I went down the hall to the bedroom.
I looked in the mirror and saw with mild surprise that I was wearing the dogwood earrings. I was alone and the room was filled with a vacuum of silence, as if someone had been laughing riotously, hysterically, and suddenly stopped.
I packed a few things, without really thinking what they were. My mother was right. I had to escape while I still could.
When I came back to the living room, my father still had not moved.
“I’m leaving now,” I said.
My father looked up at me. “You can’t leave, Katherine. We’ll work something out. Everything will be all right.”
“What are you talking about?” I said.
“You killed him in self-defense. He was a murderer anyway. The police will understand.”
“Arthur didn’t kill Travis,” I said. I imagined Arthur sawing off Travis’s feet and hands, Travis’s head.

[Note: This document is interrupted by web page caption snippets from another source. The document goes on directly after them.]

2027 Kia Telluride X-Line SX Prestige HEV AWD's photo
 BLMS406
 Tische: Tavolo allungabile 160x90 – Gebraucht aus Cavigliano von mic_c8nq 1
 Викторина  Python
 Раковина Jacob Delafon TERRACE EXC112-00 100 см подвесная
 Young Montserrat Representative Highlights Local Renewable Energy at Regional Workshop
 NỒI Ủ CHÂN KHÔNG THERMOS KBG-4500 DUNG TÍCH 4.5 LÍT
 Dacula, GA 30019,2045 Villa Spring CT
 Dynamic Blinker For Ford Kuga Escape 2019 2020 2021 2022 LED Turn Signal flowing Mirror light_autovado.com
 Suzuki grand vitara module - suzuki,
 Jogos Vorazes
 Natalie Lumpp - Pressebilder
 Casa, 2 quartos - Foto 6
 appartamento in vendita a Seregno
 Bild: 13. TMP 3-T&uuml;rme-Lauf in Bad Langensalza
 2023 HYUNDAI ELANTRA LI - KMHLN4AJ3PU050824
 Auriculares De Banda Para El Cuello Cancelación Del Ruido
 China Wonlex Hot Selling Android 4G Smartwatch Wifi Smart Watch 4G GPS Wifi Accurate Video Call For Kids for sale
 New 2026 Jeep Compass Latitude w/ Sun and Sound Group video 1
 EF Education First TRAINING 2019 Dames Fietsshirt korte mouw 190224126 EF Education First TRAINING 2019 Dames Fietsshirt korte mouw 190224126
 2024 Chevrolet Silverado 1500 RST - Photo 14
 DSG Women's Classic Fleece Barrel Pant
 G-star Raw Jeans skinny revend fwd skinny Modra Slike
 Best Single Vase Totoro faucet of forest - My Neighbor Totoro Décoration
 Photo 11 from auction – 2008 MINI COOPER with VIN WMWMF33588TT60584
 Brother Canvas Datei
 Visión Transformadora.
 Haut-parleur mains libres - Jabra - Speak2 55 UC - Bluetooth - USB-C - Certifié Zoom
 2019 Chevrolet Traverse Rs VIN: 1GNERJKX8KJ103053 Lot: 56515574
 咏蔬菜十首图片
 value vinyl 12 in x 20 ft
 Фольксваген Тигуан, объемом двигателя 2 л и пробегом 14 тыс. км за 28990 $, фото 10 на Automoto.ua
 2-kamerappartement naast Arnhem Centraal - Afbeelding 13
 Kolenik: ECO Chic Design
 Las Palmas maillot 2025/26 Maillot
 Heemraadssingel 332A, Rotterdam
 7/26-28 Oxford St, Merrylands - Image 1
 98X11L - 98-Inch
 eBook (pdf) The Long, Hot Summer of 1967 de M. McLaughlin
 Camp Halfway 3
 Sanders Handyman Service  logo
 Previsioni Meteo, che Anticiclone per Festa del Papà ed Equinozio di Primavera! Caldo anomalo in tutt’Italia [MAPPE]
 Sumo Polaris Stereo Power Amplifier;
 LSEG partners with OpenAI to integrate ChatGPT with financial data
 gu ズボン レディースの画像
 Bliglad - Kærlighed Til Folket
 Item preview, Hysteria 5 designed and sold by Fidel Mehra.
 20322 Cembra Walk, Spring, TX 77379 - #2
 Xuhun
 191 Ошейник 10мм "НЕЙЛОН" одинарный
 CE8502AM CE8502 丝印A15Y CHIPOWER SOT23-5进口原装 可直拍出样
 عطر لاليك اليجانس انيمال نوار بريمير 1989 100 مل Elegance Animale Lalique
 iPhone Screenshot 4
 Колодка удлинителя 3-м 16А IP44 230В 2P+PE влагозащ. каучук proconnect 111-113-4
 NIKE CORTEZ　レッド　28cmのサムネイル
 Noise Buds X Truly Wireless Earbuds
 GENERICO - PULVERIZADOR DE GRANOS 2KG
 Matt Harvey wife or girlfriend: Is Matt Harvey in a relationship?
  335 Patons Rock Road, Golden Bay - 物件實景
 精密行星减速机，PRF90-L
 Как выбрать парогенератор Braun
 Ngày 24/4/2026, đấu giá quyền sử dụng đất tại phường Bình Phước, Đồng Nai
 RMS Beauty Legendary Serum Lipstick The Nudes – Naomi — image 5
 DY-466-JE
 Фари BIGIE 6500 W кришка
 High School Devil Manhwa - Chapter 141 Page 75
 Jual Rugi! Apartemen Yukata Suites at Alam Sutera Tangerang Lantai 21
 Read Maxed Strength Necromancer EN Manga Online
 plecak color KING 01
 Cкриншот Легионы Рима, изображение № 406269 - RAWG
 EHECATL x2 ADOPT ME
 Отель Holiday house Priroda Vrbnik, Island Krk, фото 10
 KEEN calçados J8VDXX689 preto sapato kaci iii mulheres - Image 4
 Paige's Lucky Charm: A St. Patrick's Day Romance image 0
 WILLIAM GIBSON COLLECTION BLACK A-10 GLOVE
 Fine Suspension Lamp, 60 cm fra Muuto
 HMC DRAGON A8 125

My father blew his nose into his handkerchief and I could smell his sweat, I could smell Officer Brown’s deodorant, his toothpaste, his laundry detergent and soap from down the hall. Out in the back field I could smell where the deer had come close, then smelling me, taken off. And I knew that it would rain that night, just a little, although it was nowhere in the forecasts. I knew all of this, just as I knew that Arthur would come back after dumping the suitcase, even though he knew I was responsible. He came back because he wanted me to tell him that it wasn’t true. I don’t know why. Maybe he loved me.
“How did you become this way?” asked my father.
But my father’s ingenuousness failed to fool me. How could he claim not to understand my hunger, a hunger that was everywhere—in art, in literature, at the boundaries of our knowledge, in the dark jungles of our planet—the basic hunger in us all? Our civilization, the “America” that was a source of unending pride for him, was not based on the nurturing of the weak but on their calculated demise. He seemed to find my motivations a mystery, that I, because of my particular appetite, was the “other.” But here he was wrong. His need for control, for money, for power, was based on the foundation of a populace debilitated by the appetites of the strong. This was his history. My history. The history of the world. My father’s horror of me was not one of incomprehension, but fear.